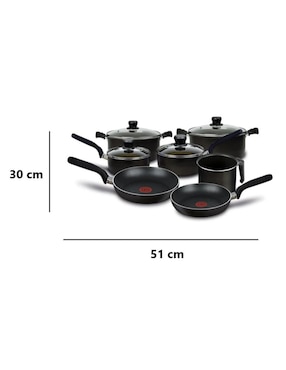 Batería de cocina Tfal de aluminio antiadherente easy plus 11 piezas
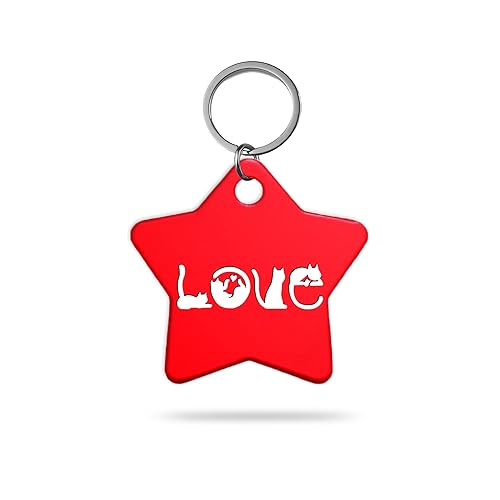 MACOS Engraved Personalised Star Pet Tag for Dogs and Cats [Red]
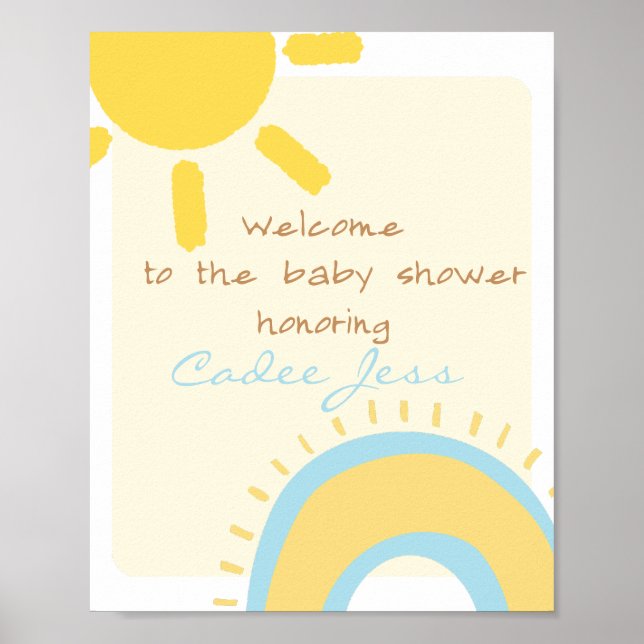 Sunshine Baby Shower Welcome Sign (Front)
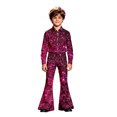 thumbnail image 3 of Kiijoy Girls Pants Glitter Print High Waisted Fit Stretch Flared Pants, Sizes 7-8, 3 of 7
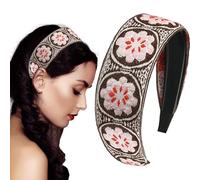 Boho Headbands, Wide Headband - Floral Embroidered Fabric Headbands for Women, Vintage Ethnic Style Headband, Girls Hair Accessories for Most Hairstyles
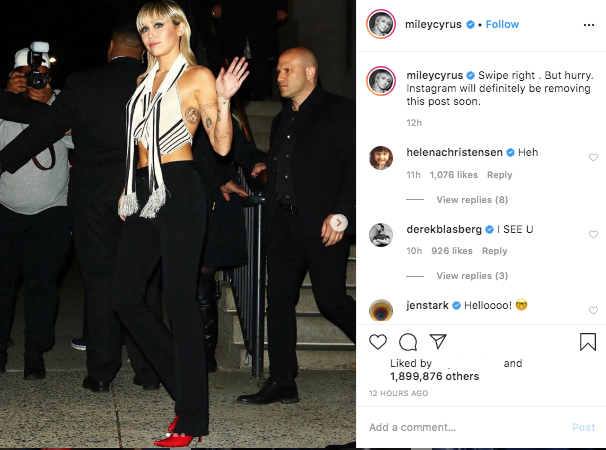 Miley Cyrus Joked About Fashion Week Nip Slip on Instagram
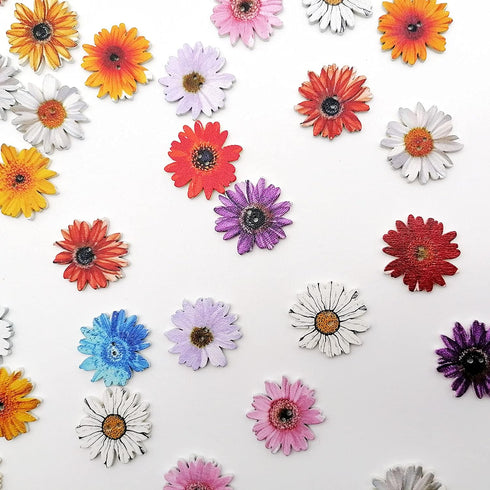 100Pcs Wood Daisy Buttons Painted Wooden Flower Buttons for Crafts Sunflower Wood Buttons 2 Holes Flatback Flower shaped Buttons...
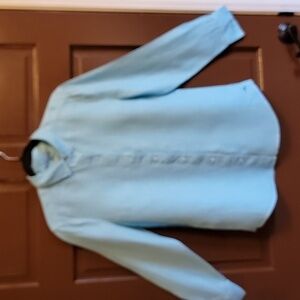 Tommy Bahama-Linen light aqua long sleeved collared shirt SP.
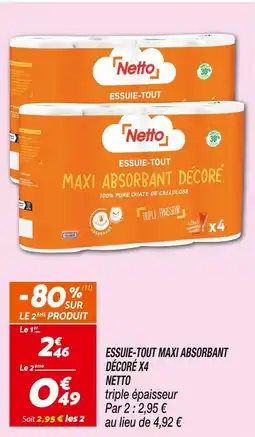 Netto Netto Essuie-Tout Maxi Absorbant Décoré X4 offre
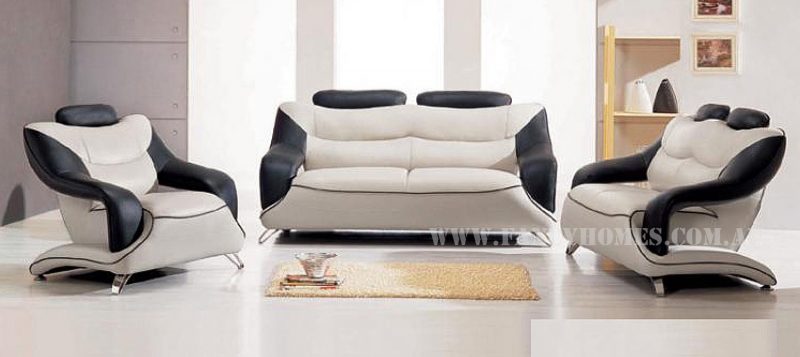 Fancy Homes Masarati lounges suites leather sofa in creamy white and black leather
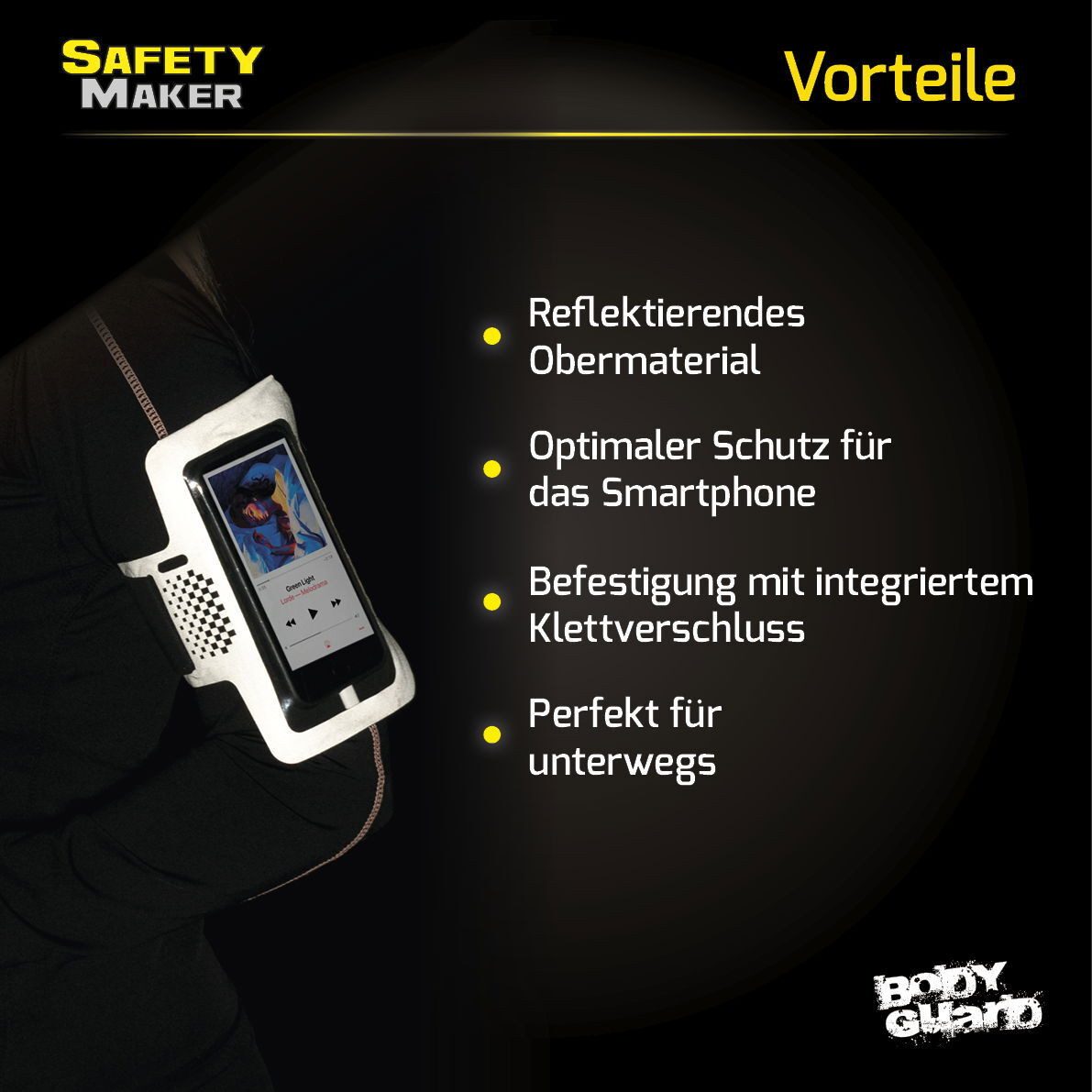 Safety Maker Reflektorband Sport Smartphone Hülle silber-schwarz, (1 St., 1 Stück)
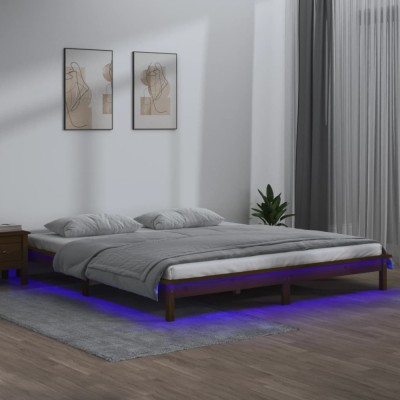 vidaXL Cadru de pat cu LED, maro miere, 140x190 cm, lemn masiv foto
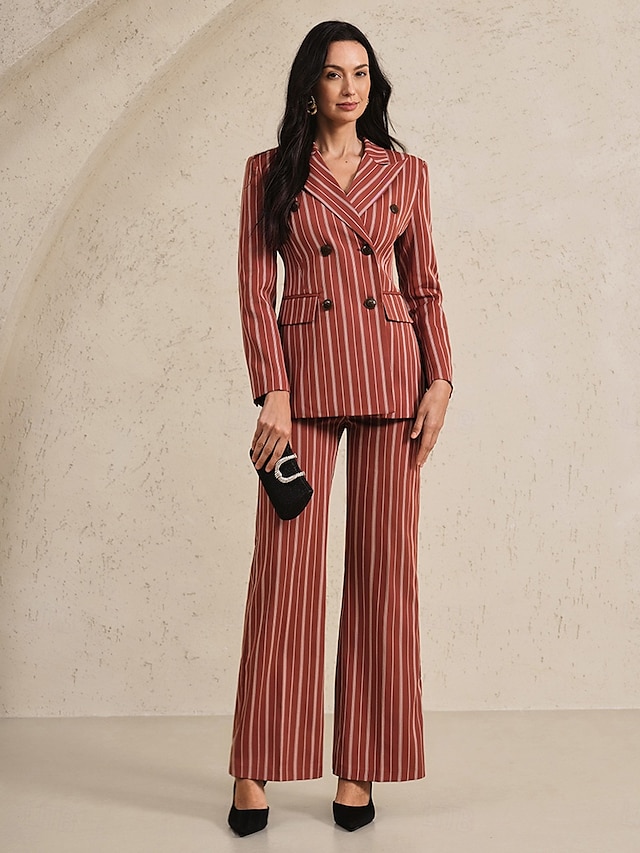  Blazer à fines rayures, tailleur-pantalon deux pièces, costume pour la mère de la mariée, classique, vintage, simple, col en V, revers en pointe, longueur au sol, manches longues avec rabats, 2025
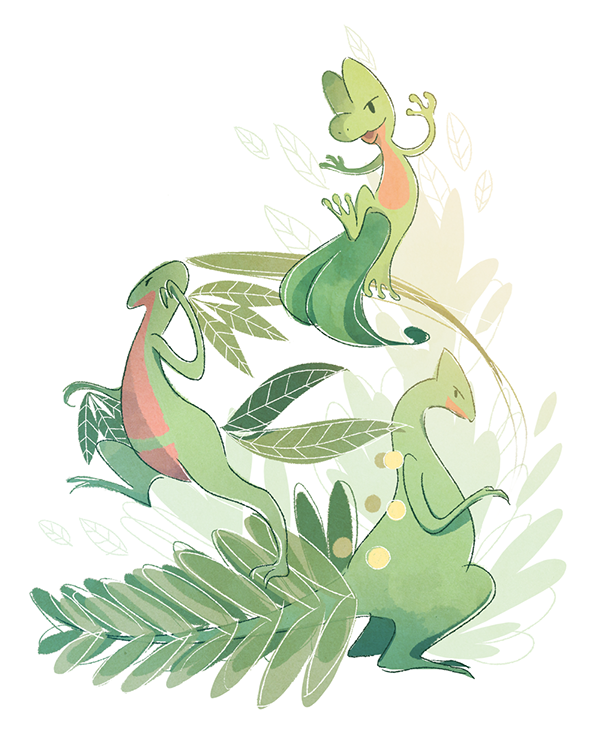 Redesign Grovyle - Brazilian Pokédex Project :: HOENN on Behance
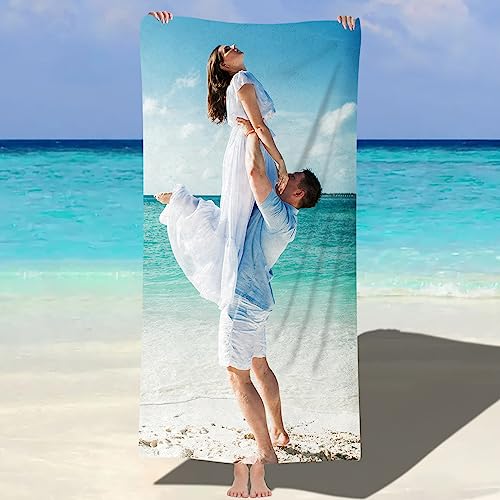 NIBESSER Telo Mare Personalizzato con Foto Telo Mare Microfibra Leggero 76x152 cm Asciugamano Mare Antisabbia ad Asciugatura Rapida Asciugamano da Spiaggia Morbido Confortevole, 1 Foto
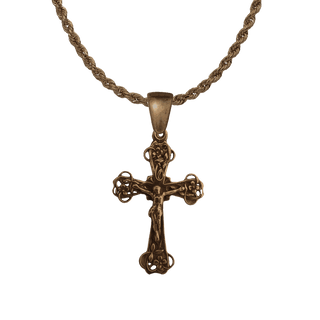 Vintage Bronze Flowered Openwork Crucifix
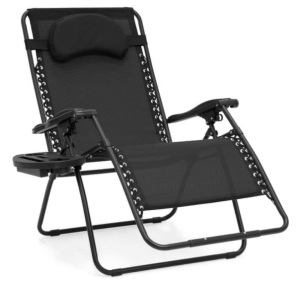 Oversized Reclining Zero Gravity Chair Lounger w/ Cup Holder, Pillow, Black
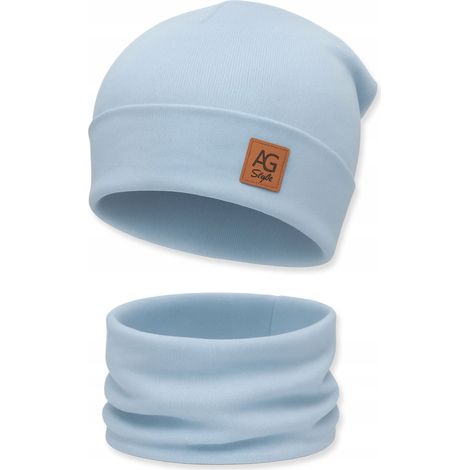 Set composto da cappello e scaldacollo per uomo e donna, a due strati, colore blu caldo. (1/5)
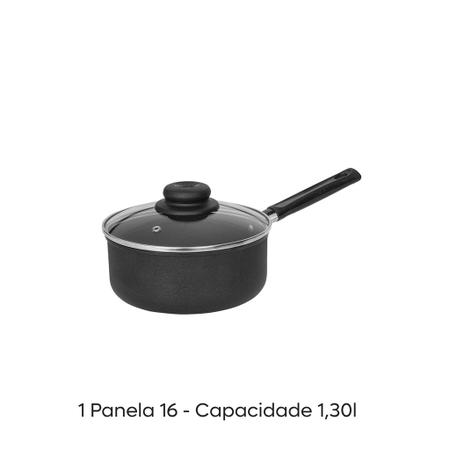 Comprar Jogo de panela extra forte c/ 5 peças - Cor preta - a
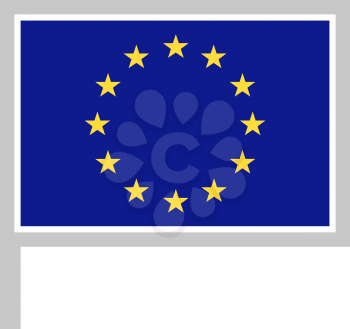 European Union flag on flagpole, rectangular shape icon on white background, vector illustration.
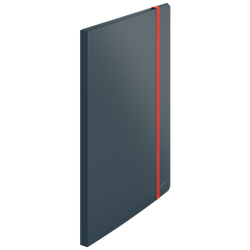 Carpeta 20 fundas Leitz Cosy Plus con 3 solapas y cierre con goma, DIN A4, gris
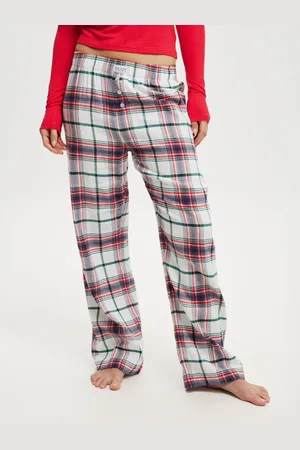 Cotton On Navy/Green/Red Boyfriend Flannel Wide Leg Boxer Trousers S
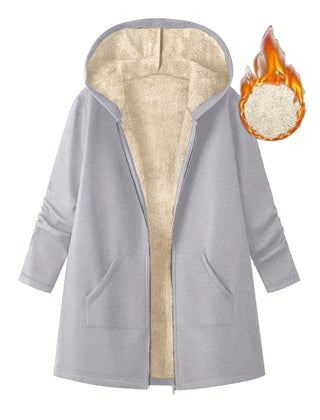 Carla Fleece Lined Hooded Longline Coat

----

Your goal ▸ Only lines belong in the copy, not pictures: write out exactly the lines of the records from the first through the one holding "vidaXL Cadru de".

Answer section ▸
 Batería de cocina Tfal de aluminio antiadherente easy plus 11 piezas
 MACOS Engraved Personalised Star Pet Tag for Dogs and Cats [Red]
 Sunshine Baby Shower Welcome Sign (Front)
 thumbnail image 3 of Kiijoy Girls Pants Glitter Print High Waisted Fit Stretch Flared Pants, Sizes 7-8, 3 of 7
 Boho Headbands, Wide Headband - Floral Embroidered Fabric Headbands for Women, Vintage Ethnic Style Headband, Girls Hair Accessories for Most Hairstyles
 Miley Cyrus Joked About Fashion Week Nip Slip on Instagram
 100Pcs Wood Daisy Buttons Painted Wooden Flower Buttons for Crafts Sunflower Wood Buttons 2 Holes Flatback Flower shaped Buttons...
 Tommy Bahama-Linen light aqua long sleeved collared shirt SP.
 Netto Netto Essuie-Tout Maxi Absorbant Décoré X4 offre
 Fancy Homes Masarati lounges suites leather sofa in creamy white and black leather
 Safety Maker Reflektorband Sport Smartphone Hülle silber-schwarz, (1 St., 1 Stück)
 vidaXL Cadru de pat cu LED, maro miere, 140x190 cm, lemn masiv foto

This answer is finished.